Derivative for numerical models. I am working in Mechanical engineering and Computer vision, in which I use a matlab code (or codes) to represent  a specific system or process. Of course such model has an input , an implimented  structure , and an output. In the way of studying the sensitivity analysis of such models, I think of using local sensitivity analysis tests, in which the partial derivative of the models is computed to represent the index of sensitivity of each parameter or variable. My question here is that, If my model cannot be represented by a function to evluate partial derivatives  explicitly, is it possible to use directly the numerical methods to derive the partial derivatives? For example, we may run the model for some values $x_1, x_2, ...,x_j,..., x_n$ to give  $y_j$, then for the values  $  x_1, x_2, ...,x_j+\Delta_j,... , x_n$ to give  $y_{j+\Delta}$, and then estimate the partial derivative wrt the variable $x_j$ by  $\frac{y_{j+\Delta}-y_j}{\Delta}$.
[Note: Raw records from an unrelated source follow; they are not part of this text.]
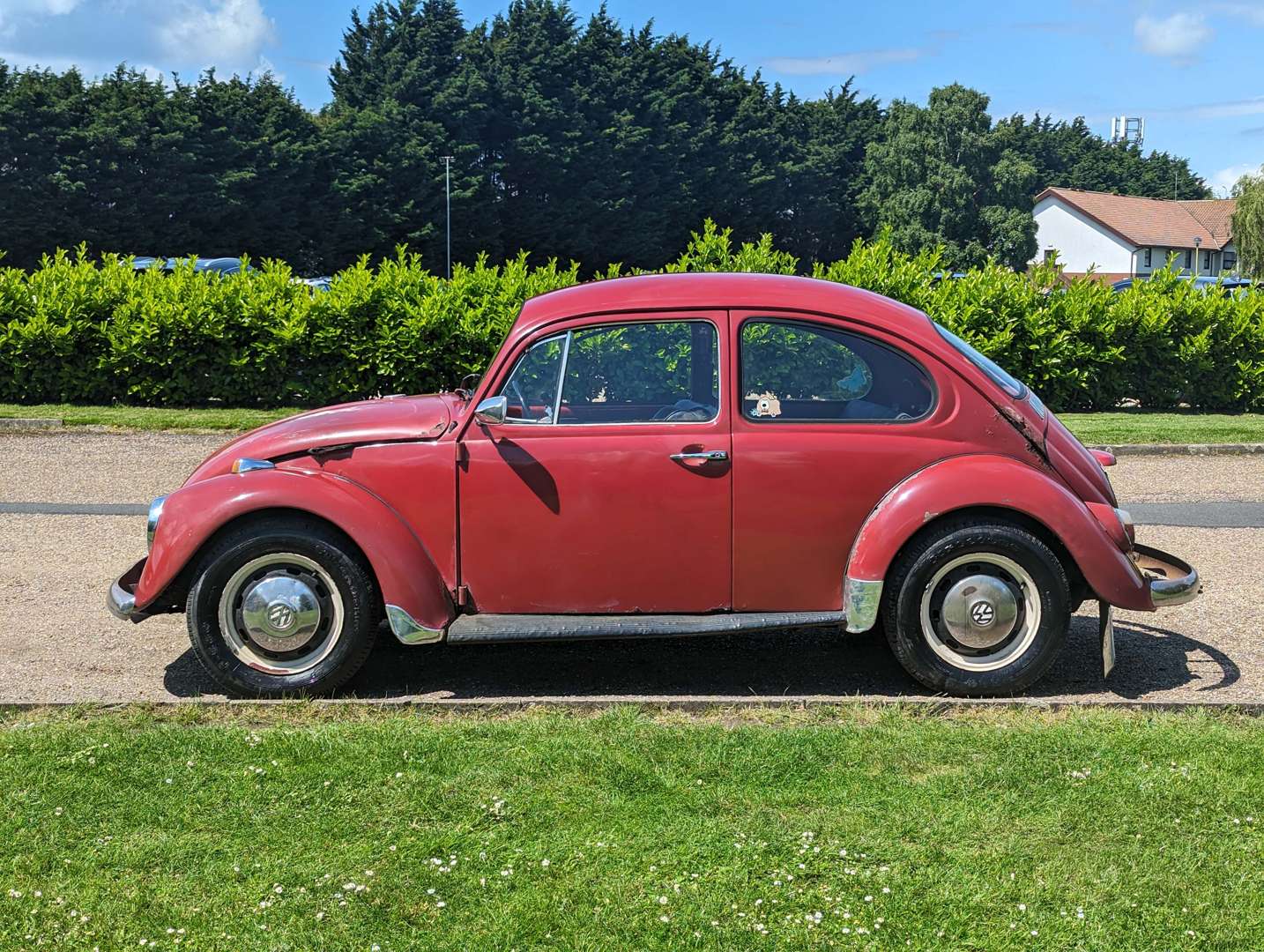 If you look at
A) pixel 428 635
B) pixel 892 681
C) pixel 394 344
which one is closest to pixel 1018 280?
pixel 394 344

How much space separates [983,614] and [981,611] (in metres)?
0.01

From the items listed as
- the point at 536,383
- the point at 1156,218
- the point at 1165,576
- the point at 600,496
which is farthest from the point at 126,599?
the point at 1156,218

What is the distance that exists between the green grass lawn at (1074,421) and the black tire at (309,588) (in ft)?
29.9

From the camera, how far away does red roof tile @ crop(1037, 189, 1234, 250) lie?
99.1 metres

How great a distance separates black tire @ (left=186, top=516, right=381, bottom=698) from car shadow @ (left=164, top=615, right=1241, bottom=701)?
0.26m

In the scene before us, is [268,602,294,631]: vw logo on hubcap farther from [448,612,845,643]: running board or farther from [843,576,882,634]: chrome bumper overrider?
[843,576,882,634]: chrome bumper overrider

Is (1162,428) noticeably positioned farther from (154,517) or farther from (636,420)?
(154,517)

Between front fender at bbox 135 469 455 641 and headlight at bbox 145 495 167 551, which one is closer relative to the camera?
front fender at bbox 135 469 455 641

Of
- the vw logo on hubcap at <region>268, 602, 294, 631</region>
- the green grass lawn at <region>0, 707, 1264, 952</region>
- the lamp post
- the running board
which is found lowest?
the green grass lawn at <region>0, 707, 1264, 952</region>

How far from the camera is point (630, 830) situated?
4.12 metres

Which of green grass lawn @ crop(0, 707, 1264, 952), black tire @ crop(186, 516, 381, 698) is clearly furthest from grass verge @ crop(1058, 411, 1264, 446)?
black tire @ crop(186, 516, 381, 698)

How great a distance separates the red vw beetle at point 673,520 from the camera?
544 cm

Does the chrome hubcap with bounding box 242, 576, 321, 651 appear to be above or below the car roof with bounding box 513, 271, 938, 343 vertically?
below

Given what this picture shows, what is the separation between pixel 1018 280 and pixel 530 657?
39.1 ft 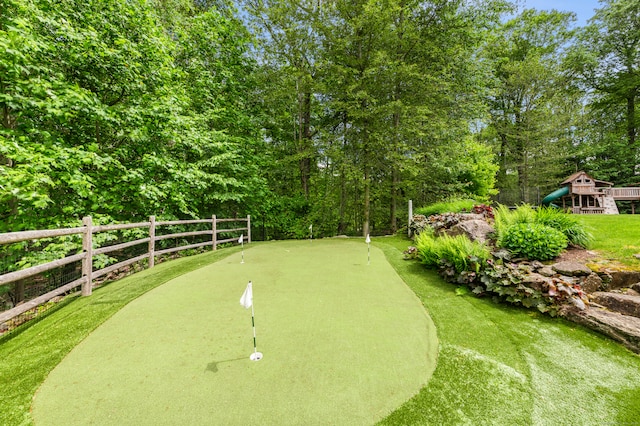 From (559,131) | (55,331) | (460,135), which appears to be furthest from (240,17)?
(559,131)

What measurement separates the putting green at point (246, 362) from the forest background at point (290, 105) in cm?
324

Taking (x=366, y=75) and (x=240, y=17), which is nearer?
(x=366, y=75)

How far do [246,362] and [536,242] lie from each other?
15.5ft

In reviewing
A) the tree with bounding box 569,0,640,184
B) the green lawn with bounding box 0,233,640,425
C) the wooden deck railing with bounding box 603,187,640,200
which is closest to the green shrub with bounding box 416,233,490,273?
the green lawn with bounding box 0,233,640,425

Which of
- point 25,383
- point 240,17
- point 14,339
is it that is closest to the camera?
point 25,383

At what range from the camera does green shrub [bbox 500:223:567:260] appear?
418cm

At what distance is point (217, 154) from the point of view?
9.38 meters

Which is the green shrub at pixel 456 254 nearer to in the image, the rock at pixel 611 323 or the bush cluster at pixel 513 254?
the bush cluster at pixel 513 254

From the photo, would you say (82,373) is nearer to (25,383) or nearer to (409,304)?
(25,383)

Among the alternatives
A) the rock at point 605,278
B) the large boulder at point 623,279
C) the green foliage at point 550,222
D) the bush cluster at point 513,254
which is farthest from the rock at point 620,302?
the green foliage at point 550,222

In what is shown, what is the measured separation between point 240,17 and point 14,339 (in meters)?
13.5

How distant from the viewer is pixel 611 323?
250cm

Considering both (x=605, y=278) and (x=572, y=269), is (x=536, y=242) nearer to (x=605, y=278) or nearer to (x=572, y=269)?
(x=572, y=269)

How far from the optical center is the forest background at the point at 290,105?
5.00 meters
I think this way is straightforward, but how to be assure that our model has a differentiable form i.e. is differentiable? Or let me say, can we speak about difference in variation without including the notion of partial derivatives and differentiability of the model? 
I respect any perspective and I highly appriciate your opinions. 
Thanks .
 A: The answer is yes, and no, and maybe. In sensitivity analysis, we can always run a model at different parameter values and use finite differencing methods to compute the directional derivatives in our parameter space. This is, as you might imagine, of limited use without any other external information. First, it requires many runs. Second, it only gives us scraps of information. For instance, computing the change with respect to some parameter $\theta$ and separately computing the change with respect to some other parameter $\gamma$ doesn't tells us anything about whether the parameters are somehow dependent, or what happens with convex combinations of parameters, etc. If we know something about the model, then we might be able to extrapolate these data. But in a vacuum, no.
Another approach which is popular in sensitivity analysis is to perform automatic differentiation (aka algorithmic differentiation). AD methods are different than finite difference methods in that they do not compute numerical estimates of a derivative, but rather they compute the derivative of the computer code (for instance, by overloading operators). In this sense, we get a derivative for free -- running the code gives us a simulation realization and it also gives us the derivatives at the same time. AD has its limitations and I cannot enumerate them all here; some reading would be necessary.
Finally, another tool in sensitivity analysis is locally linear embedding. If we assume that the partial derivatives exist within a parameter space, then we think back to calculus and recall that a derivative is a linear approximation to a function in a neighborhood of a point. Presumably, the system we're studying isn't so volatile that any neighborhood yields an inaccurate linear approximation. So we can run a handful of simulations and use the data to embed locally-linear approximations of the result; this is enough to construct a complete approximation of the sensitivity in a neighborhood of a point in parameter space. This approximation is not always valid, however.
In short, this question is ultimately too broad, as you can find many, many papers in the field of sensitivity analysis that address many of these issues in great detail.